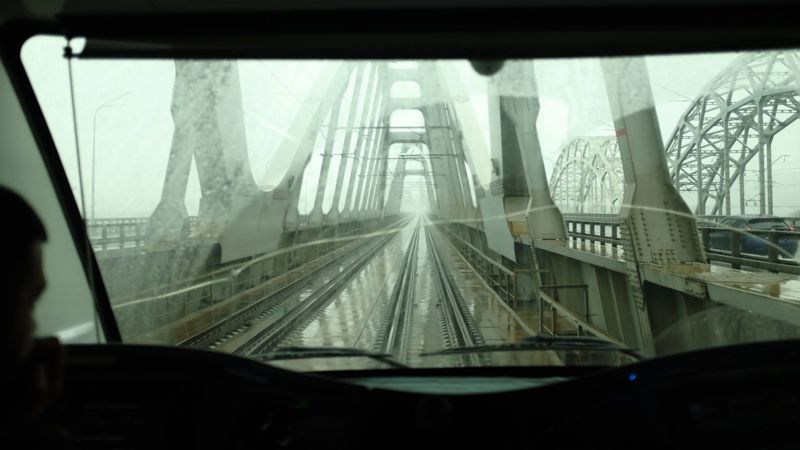 Et fotografi av kunstneren July Poly fra utstillingen Ukrzaliznytsia 2017–2025.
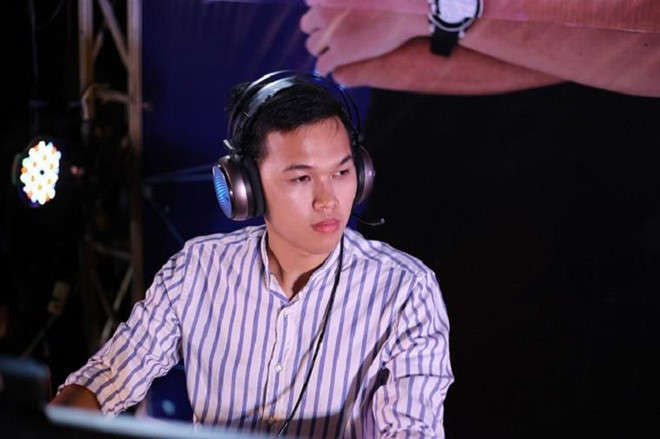 Dù sở hữu nhiều thành tích "khủng", cùng khoảng trên dưới 30 chức vô địch trong 10 năm theo đuổi bộ môn Đế Chế, cuộc sống của chàng trai 9x này cũng không có gì quá khác biệt với mọi người.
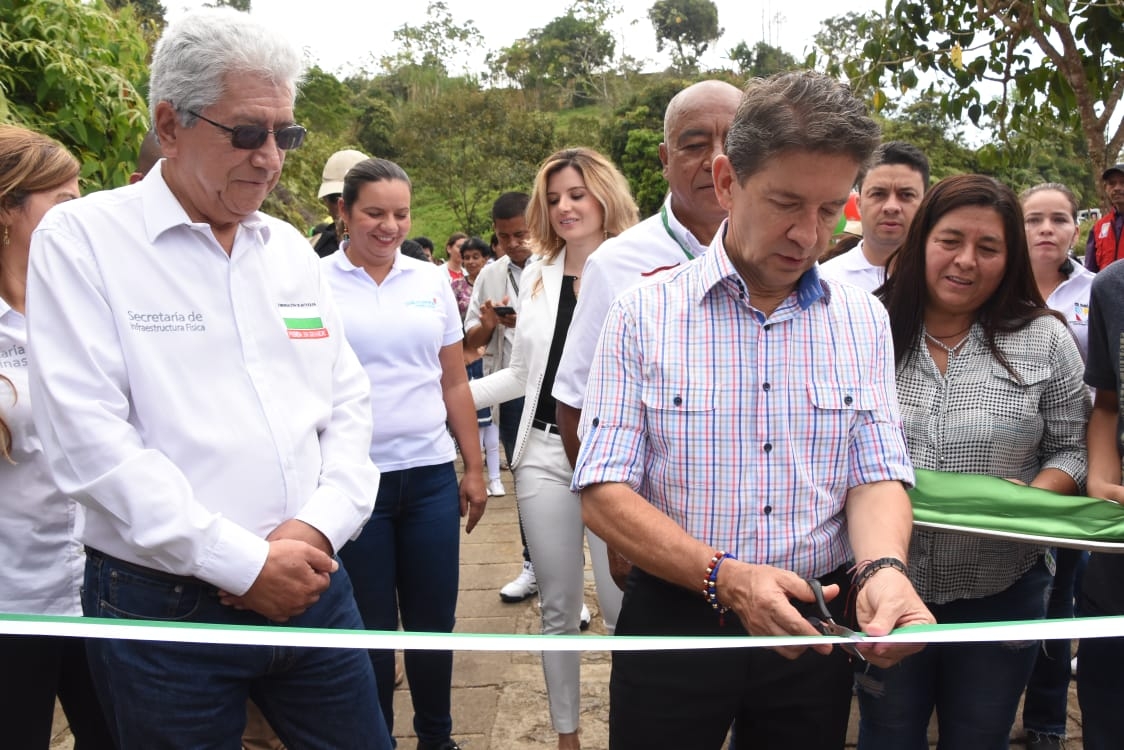 “Las vías marcan la diferencia y dignifican la calidad de vida”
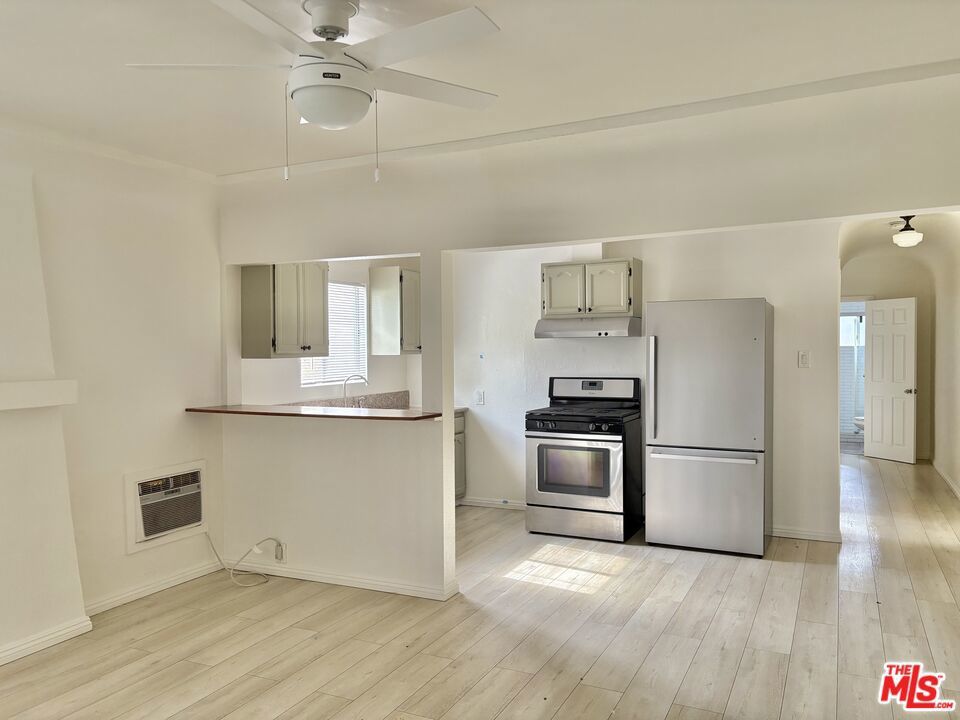 Photo of Listing #25616791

→ **ABOUT THIS TASK**
Reproduce the material exactly. Pictures stay out.

→ **ANSWER BOX**
 Et fotografi av kunstneren July Poly fra utstillingen Ukrzaliznytsia 2017–2025.
 Dù sở hữu nhiều thành tích "khủng", cùng khoảng trên dưới 30 chức vô địch trong 10 năm theo đuổi bộ môn Đế Chế, cuộc sống của chàng trai 9x này cũng không có gì quá khác biệt với mọi người.
 “Las vías marcan la diferencia y dignifican la calidad de vida”
 Photo of Listing #25616791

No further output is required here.